» Instructions to follow: Return every line of the data that contains the string "Giovanni".

» Information supplied:
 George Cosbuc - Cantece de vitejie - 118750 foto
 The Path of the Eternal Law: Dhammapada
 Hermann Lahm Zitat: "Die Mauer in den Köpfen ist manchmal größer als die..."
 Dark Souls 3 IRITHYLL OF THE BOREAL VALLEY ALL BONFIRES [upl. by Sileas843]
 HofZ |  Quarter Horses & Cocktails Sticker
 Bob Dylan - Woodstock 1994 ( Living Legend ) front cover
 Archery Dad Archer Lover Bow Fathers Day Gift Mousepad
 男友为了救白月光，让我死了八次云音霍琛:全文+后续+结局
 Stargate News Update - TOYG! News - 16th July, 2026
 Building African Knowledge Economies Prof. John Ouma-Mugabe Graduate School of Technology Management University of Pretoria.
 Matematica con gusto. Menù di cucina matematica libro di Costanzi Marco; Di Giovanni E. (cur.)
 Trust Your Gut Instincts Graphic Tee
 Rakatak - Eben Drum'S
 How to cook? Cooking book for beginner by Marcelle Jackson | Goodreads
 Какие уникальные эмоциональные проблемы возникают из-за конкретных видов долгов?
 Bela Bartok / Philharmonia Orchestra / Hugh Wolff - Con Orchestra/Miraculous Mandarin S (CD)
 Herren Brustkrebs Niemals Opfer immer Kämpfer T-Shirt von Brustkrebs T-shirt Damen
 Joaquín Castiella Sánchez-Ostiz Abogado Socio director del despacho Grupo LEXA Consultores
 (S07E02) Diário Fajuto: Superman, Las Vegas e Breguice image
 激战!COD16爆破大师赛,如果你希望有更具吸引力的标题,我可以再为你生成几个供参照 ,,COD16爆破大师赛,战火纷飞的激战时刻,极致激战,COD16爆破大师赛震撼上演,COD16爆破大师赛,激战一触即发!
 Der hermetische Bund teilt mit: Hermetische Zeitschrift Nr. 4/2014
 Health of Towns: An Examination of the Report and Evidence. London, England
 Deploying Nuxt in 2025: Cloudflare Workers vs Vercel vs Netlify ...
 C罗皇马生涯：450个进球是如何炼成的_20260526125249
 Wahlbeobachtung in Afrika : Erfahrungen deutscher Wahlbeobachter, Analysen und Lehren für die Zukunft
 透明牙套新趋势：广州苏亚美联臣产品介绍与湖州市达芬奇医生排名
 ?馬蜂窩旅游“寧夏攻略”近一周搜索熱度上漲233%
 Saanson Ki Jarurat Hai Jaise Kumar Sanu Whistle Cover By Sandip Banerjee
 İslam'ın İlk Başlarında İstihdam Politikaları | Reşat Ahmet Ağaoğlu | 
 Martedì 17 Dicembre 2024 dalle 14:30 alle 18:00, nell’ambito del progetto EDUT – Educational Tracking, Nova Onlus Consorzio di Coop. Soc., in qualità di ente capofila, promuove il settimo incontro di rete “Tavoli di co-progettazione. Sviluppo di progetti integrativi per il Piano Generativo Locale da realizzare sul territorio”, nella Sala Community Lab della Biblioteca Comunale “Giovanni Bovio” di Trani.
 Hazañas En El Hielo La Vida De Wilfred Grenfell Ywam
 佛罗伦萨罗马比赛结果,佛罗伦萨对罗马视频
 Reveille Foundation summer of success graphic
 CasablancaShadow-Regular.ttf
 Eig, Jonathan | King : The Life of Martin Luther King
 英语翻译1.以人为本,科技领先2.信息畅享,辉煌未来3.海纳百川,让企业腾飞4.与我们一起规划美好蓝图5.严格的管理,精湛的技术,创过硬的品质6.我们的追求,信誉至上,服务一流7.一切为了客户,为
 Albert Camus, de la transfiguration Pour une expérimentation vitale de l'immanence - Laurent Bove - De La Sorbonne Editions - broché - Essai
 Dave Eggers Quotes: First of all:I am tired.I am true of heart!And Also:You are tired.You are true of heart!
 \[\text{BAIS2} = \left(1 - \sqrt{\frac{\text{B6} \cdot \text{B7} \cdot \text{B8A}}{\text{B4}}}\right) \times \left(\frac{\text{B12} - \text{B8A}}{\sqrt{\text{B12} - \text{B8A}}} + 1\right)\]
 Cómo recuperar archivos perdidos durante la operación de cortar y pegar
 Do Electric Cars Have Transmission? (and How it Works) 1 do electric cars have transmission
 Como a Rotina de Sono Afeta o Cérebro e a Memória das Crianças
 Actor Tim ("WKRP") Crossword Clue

» Solution to the exercise:
 Matematica con gusto. Menù di cucina matematica libro di Costanzi Marco; Di Giovanni E. (cur.)
 Martedì 17 Dicembre 2024 dalle 14:30 alle 18:00, nell’ambito del progetto EDUT – Educational Tracking, Nova Onlus Consorzio di Coop. Soc., in qualità di ente capofila, promuove il settimo incontro di rete “Tavoli di co-progettazione. Sviluppo di progetti integrativi per il Piano Generativo Locale da realizzare sul territorio”, nella Sala Community Lab della Biblioteca Comunale “Giovanni Bovio” di Trani.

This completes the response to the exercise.